Supplied records

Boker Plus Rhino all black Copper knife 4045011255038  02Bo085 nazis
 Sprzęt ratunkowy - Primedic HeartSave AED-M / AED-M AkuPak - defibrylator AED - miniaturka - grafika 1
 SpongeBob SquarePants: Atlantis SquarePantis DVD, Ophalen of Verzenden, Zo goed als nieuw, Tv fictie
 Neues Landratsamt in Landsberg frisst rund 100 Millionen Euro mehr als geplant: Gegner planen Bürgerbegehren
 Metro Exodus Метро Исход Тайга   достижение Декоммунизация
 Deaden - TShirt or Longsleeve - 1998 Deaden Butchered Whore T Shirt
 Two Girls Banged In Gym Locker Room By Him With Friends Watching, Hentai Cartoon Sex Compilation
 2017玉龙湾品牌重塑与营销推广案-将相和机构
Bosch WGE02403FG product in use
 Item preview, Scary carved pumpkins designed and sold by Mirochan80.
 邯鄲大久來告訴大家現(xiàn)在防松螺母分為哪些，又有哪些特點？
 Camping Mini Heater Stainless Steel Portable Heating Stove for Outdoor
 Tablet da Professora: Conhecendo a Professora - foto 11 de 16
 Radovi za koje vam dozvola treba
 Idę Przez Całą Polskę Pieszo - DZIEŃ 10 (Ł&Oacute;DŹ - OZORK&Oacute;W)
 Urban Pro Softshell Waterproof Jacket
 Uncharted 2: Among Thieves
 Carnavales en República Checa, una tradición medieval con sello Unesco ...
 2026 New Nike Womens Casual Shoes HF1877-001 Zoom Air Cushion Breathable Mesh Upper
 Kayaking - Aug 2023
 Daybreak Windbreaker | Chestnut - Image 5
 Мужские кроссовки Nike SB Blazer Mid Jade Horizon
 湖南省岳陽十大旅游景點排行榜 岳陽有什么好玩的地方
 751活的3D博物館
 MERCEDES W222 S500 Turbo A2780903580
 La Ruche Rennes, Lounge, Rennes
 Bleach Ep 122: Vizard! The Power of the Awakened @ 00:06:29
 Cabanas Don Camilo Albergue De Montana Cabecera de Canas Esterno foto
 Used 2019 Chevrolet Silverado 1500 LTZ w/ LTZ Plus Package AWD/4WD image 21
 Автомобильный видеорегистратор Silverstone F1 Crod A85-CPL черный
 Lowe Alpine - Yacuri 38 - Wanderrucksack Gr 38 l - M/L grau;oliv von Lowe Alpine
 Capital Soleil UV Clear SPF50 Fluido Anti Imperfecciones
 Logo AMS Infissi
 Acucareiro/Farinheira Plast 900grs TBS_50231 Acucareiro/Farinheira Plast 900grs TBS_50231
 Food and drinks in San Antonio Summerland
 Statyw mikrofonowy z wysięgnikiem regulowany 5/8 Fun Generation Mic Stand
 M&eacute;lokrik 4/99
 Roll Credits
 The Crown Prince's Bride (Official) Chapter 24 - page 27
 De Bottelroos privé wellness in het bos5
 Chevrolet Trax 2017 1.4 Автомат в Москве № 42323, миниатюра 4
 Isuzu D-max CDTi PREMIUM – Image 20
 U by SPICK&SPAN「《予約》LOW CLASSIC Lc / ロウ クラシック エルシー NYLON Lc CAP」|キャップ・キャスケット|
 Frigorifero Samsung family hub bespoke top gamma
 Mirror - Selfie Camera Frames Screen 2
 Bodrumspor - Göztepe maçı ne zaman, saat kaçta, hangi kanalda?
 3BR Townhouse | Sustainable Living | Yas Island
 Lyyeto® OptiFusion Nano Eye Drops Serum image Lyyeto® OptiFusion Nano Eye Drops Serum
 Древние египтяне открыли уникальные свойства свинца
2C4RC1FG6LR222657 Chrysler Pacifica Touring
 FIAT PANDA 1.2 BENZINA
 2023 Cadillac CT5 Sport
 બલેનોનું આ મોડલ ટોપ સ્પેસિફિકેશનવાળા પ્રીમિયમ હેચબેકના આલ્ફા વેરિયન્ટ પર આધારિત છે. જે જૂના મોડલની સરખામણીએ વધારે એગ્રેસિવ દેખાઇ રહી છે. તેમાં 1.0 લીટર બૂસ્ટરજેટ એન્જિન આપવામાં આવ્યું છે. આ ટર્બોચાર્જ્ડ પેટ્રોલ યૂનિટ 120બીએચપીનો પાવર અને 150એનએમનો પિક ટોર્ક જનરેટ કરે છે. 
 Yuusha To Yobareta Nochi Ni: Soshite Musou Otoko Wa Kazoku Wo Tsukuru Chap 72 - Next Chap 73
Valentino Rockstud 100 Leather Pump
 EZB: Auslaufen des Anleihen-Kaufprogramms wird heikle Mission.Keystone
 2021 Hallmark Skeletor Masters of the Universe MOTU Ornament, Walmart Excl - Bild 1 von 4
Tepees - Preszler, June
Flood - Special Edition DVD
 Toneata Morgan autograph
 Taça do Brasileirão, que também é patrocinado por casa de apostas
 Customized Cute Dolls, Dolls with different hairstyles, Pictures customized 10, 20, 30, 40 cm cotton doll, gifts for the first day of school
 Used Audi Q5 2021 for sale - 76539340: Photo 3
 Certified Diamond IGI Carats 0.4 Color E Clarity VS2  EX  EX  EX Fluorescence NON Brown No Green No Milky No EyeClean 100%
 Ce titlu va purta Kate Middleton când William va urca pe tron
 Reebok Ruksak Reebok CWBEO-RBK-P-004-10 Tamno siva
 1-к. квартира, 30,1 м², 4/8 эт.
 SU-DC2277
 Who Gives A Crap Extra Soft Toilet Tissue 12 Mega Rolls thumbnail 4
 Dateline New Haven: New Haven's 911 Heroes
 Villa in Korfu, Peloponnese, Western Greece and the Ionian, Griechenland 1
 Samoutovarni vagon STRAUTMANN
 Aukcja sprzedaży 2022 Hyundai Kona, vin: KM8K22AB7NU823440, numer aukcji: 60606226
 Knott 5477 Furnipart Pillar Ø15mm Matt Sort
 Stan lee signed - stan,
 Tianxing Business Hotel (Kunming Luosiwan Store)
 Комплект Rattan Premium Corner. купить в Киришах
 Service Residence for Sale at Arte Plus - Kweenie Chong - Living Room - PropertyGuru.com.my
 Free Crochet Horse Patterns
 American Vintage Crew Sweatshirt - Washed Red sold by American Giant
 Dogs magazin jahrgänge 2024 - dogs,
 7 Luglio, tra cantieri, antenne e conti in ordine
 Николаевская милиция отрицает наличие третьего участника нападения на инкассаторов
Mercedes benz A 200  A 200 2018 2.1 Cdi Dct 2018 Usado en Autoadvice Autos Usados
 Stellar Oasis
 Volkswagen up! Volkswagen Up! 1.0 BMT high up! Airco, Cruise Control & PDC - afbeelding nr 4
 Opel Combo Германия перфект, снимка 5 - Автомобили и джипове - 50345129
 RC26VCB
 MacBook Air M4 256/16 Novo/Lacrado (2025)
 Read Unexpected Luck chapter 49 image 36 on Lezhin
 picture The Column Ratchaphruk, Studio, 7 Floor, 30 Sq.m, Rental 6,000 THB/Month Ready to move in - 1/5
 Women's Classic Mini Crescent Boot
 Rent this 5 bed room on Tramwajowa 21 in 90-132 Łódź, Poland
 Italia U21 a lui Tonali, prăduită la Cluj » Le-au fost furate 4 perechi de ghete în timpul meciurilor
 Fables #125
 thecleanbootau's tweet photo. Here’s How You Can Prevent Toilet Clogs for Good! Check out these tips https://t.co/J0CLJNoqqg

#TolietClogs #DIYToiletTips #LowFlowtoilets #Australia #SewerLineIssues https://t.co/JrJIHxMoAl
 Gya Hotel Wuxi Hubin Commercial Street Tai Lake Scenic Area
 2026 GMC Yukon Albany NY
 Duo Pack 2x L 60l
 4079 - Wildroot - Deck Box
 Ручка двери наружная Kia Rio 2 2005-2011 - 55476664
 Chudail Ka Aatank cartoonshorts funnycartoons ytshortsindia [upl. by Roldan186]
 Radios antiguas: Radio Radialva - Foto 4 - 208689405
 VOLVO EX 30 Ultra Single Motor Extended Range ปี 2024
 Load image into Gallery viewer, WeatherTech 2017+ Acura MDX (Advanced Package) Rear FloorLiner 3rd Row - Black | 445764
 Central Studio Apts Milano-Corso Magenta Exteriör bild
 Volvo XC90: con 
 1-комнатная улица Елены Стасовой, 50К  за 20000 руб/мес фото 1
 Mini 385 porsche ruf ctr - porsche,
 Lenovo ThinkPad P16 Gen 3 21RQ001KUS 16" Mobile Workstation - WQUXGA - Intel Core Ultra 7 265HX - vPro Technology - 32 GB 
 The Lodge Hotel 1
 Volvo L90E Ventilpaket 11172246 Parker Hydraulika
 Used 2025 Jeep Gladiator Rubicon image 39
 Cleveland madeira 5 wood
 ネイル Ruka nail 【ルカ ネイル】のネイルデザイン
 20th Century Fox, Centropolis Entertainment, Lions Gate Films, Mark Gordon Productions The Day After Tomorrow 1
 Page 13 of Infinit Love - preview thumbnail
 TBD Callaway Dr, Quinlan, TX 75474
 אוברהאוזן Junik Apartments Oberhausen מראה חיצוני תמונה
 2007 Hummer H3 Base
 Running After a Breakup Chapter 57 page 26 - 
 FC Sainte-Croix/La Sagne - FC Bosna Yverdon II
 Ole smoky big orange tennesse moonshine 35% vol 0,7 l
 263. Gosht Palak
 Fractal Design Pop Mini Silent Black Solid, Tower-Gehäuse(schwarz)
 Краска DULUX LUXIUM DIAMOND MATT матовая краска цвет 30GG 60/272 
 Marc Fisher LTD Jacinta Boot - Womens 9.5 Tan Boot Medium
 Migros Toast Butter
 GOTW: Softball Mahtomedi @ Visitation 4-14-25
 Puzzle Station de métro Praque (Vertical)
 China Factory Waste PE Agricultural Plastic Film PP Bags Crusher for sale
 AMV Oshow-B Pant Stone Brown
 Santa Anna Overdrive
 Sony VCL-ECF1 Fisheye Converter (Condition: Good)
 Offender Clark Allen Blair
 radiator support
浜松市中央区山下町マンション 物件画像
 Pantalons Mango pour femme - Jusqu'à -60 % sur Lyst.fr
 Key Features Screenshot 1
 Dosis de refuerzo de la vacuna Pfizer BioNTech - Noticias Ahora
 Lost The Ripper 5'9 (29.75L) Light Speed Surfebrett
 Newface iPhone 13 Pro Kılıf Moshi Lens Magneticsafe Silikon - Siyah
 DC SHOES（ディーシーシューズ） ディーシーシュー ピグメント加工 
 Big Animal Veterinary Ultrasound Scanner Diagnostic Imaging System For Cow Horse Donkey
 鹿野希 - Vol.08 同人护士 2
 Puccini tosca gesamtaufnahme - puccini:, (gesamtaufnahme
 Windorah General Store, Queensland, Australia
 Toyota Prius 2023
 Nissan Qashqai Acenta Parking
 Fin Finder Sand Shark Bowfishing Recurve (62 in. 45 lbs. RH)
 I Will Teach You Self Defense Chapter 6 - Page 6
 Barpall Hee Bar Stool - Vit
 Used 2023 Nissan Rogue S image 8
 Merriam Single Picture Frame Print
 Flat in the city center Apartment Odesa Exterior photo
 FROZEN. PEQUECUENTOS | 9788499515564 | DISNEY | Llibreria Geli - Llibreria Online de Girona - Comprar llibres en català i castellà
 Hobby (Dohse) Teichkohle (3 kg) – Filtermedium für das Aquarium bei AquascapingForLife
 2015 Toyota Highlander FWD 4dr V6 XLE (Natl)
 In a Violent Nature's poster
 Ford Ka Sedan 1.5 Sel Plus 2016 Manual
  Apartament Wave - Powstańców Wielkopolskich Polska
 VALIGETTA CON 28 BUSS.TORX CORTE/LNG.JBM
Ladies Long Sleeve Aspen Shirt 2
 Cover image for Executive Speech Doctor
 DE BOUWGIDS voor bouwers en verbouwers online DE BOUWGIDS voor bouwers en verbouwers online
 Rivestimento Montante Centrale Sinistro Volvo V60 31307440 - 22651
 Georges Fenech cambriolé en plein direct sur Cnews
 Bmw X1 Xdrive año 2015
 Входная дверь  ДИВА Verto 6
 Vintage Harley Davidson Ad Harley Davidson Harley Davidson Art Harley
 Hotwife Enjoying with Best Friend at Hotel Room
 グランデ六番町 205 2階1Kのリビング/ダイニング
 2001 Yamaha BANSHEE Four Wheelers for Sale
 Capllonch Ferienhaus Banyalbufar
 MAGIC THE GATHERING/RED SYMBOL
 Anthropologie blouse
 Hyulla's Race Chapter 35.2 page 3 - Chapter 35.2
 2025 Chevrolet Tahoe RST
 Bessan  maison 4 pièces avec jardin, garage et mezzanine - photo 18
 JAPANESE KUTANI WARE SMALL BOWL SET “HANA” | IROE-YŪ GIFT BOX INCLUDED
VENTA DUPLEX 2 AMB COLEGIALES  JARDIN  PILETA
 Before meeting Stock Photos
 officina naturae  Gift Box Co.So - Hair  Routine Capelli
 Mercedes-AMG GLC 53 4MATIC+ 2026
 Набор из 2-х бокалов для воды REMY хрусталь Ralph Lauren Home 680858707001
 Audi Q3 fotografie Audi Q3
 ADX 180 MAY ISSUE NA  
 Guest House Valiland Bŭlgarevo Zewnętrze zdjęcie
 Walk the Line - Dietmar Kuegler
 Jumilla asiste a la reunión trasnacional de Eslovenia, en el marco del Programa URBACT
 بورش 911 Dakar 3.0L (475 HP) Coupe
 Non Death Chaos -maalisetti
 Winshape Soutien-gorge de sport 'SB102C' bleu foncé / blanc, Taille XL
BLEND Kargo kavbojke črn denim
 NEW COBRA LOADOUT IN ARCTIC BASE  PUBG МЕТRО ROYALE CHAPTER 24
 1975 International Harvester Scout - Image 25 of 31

What you will do
Going down the listing above, begin printing at the line with "Daybreak Windbreaker | Chestnut - Image 5" and finish with the line with "Chevrolet Trax 2017", exactly as they appear.

Solution below
 Daybreak Windbreaker | Chestnut - Image 5
 Мужские кроссовки Nike SB Blazer Mid Jade Horizon
 湖南省岳陽十大旅游景點排行榜 岳陽有什么好玩的地方
 751活的3D博物館
 MERCEDES W222 S500 Turbo A2780903580
 La Ruche Rennes, Lounge, Rennes
 Bleach Ep 122: Vizard! The Power of the Awakened @ 00:06:29
 Cabanas Don Camilo Albergue De Montana Cabecera de Canas Esterno foto
 Used 2019 Chevrolet Silverado 1500 LTZ w/ LTZ Plus Package AWD/4WD image 21
 Автомобильный видеорегистратор Silverstone F1 Crod A85-CPL черный
 Lowe Alpine - Yacuri 38 - Wanderrucksack Gr 38 l - M/L grau;oliv von Lowe Alpine
 Capital Soleil UV Clear SPF50 Fluido Anti Imperfecciones
 Logo AMS Infissi
 Acucareiro/Farinheira Plast 900grs TBS_50231 Acucareiro/Farinheira Plast 900grs TBS_50231
 Food and drinks in San Antonio Summerland
 Statyw mikrofonowy z wysięgnikiem regulowany 5/8 Fun Generation Mic Stand
 M&eacute;lokrik 4/99
 Roll Credits
 The Crown Prince's Bride (Official) Chapter 24 - page 27
 De Bottelroos privé wellness in het bos5
 Chevrolet Trax 2017 1.4 Автомат в Москве № 42323, миниатюра 4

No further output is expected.